On the GOP Economic Model

Historically, the GOP has been united in support of “trickle-down economics.” By that, they mean they support reducing taxes on capital in the hope that it will ultimately be invested in new or expanded businesses. The increase in business activity leads to greater demand for labor, which in turn leads to higher wages for workers in addition to higher profits for capitalists. Hence, the popular name for the concept.

While the theory is not absurd, and may even work under some circumstances, it hasn’t worked for many years, for the following reasons:

1. Improvements in transportation and communications have made it possible to move manufacturing activities, and even some service work, away from areas with high cost labor. Globalization effectively means that the supply of workers is no longer limited to your own country, which in turn means that wages in many fields do not respond to what appear at first blush to be domestic labor shortages.

2. Demographic changes have resulted in a decrease in consumption, and an increase in savings.

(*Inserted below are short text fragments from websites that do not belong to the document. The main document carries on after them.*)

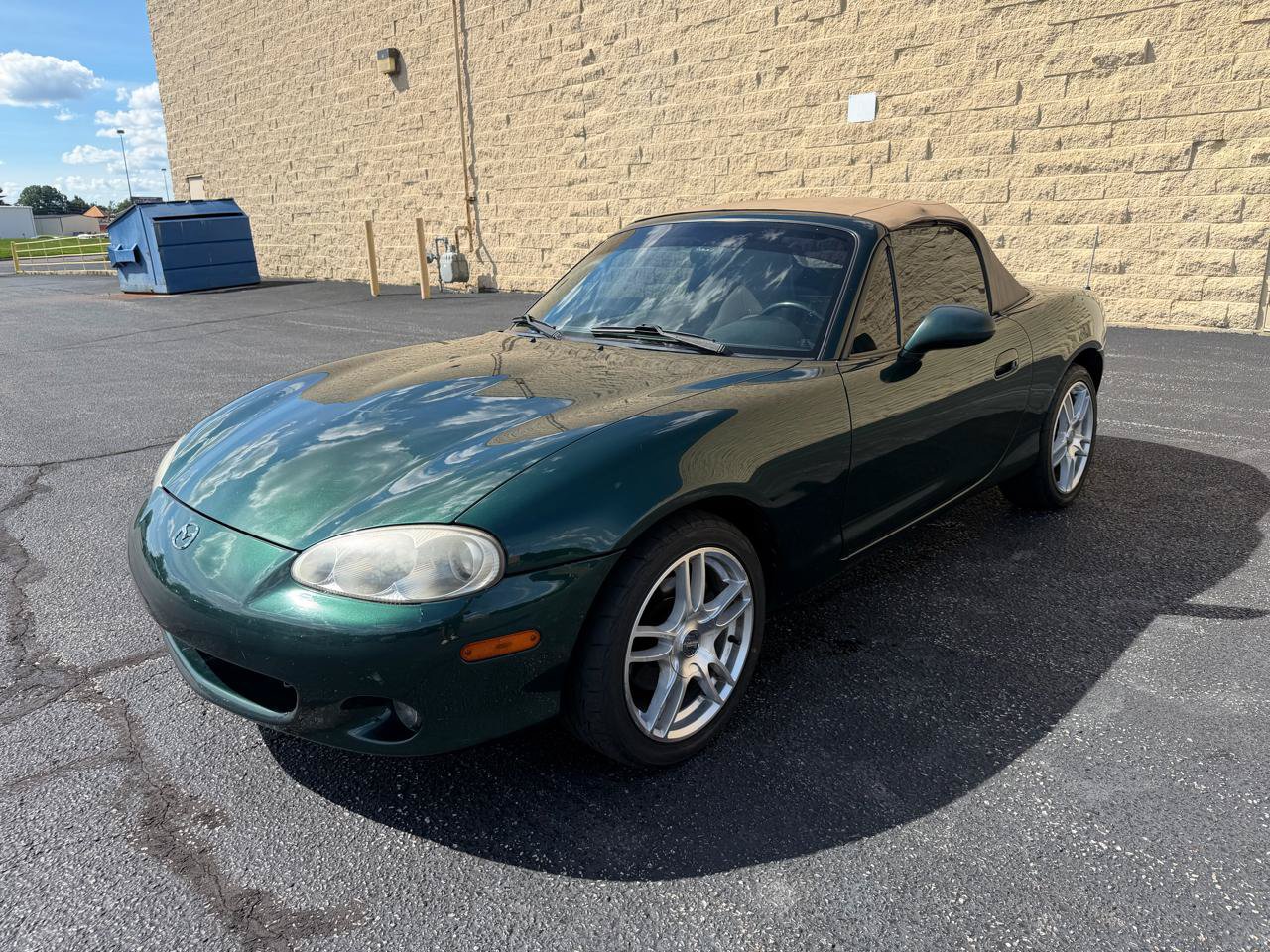 Used 2001 MAZDA MX-5 Miata RWD image 1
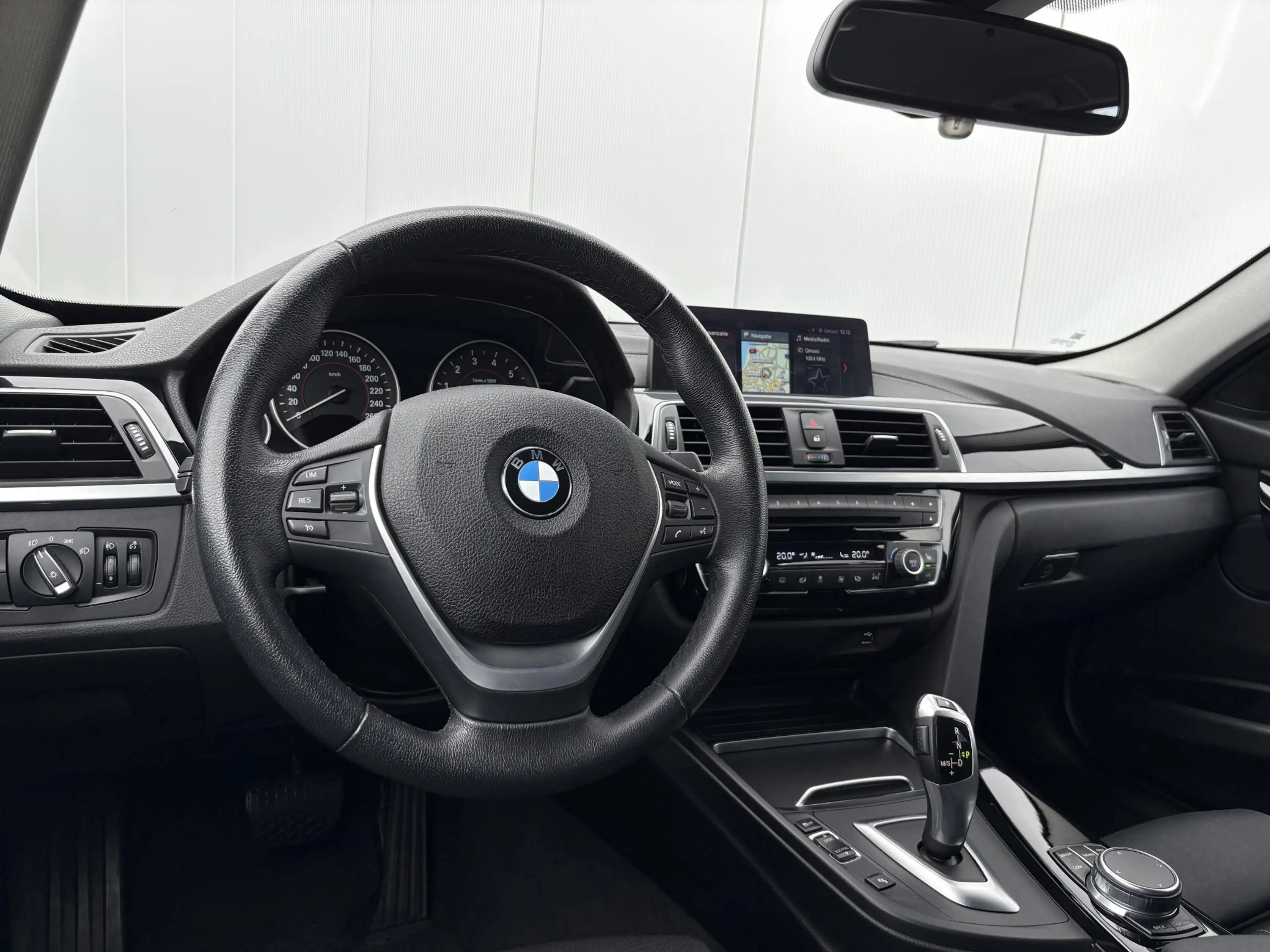BMW 330 3-serie Touring 330i xDrive High Executive / 252PK — photo 36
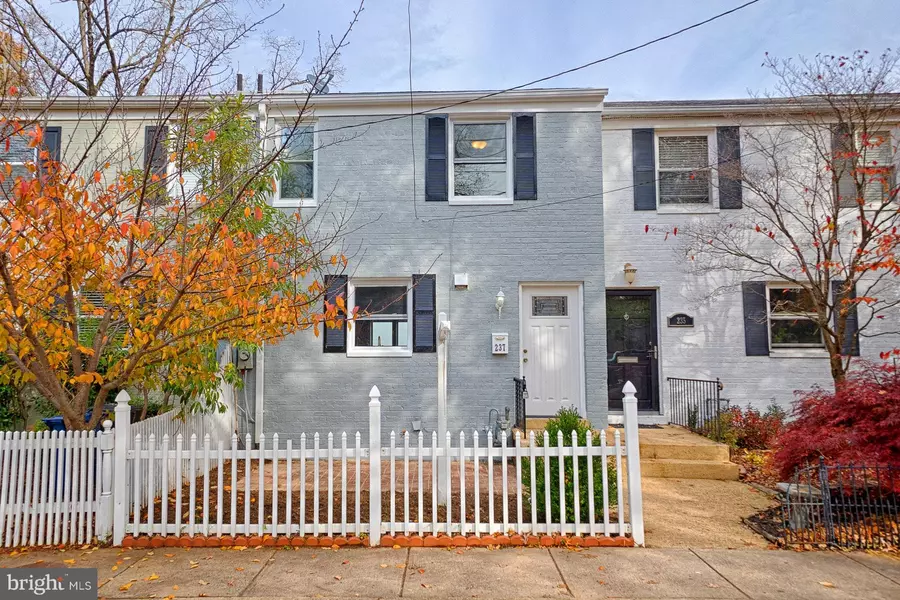 237 TENNESSEE AVE, Alexandria, VA 22305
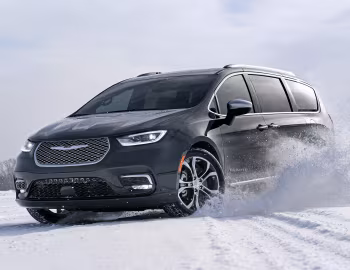 2021–26 Chrysler Pacifica Pinnacle AWD (RU) '2020–26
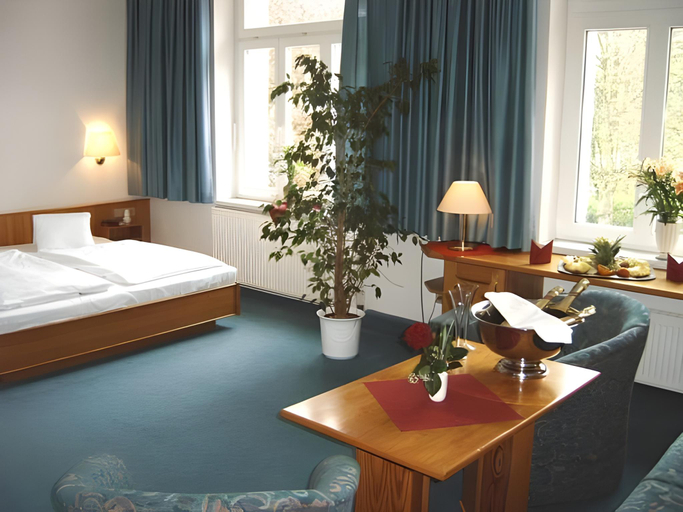 Bedroom 2, Hotel Max am Meer Kuhlungsborn, Rostock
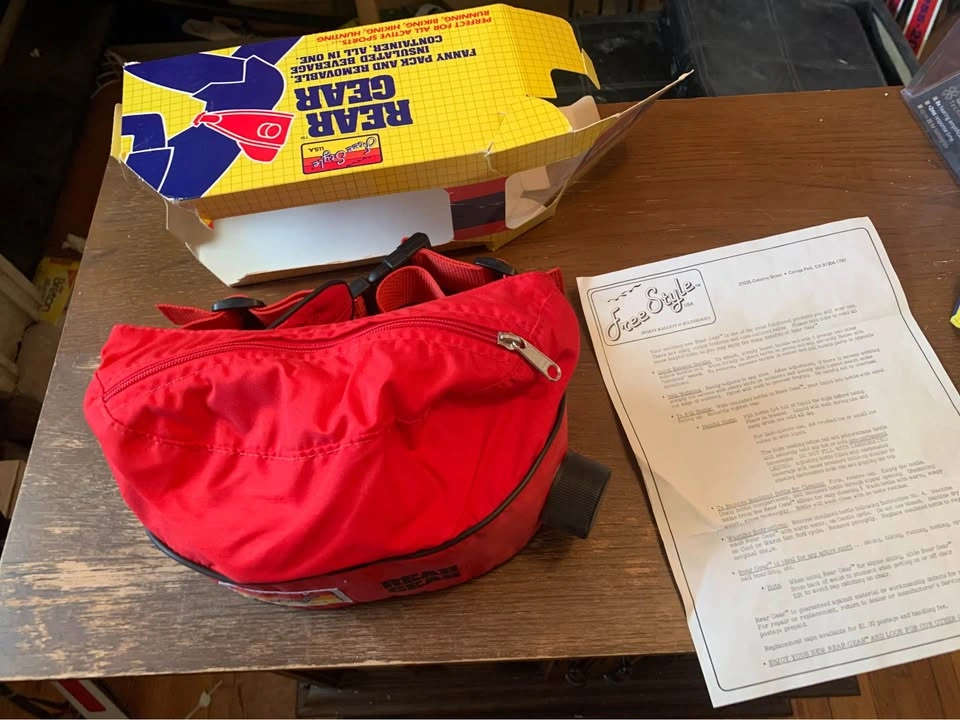 Red Rear Gear Bag vintage 80s Fanny pack and hydration pack. - photo 2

3. Successful Chinese mercantilism means that globalization hasn’t necessarily resulted in an explosion of high-paying jobs in industries specializing in exports, at least in the US.

4. These three phenomena collectively mean that there is a glut of available investment capital throughout the world, and limited demand in the US. With a hollowed-out middle class, and more elderly people who can’t afford to put too many resources into consumption, why would American businesses invest in new capacity?

5. Investment, instead, has gone into share buybacks and purchases of securities sold to finance the budget deficit. Tax cuts on capital are, therefore, a form of right-wing recycling for the benefit of the wealthy; they don’t create new jobs or increase wages, but they increase the value of assets owned only by the affluent.

6. Tax increases on the wealthy and redistribution programs which are designed to increase consumption among the less affluent can address the existing imbalance and consequently result in increased growth under current conditions. All of the Democratic candidates appear to agree on this point, and they are right. It is about growth as much as fairness.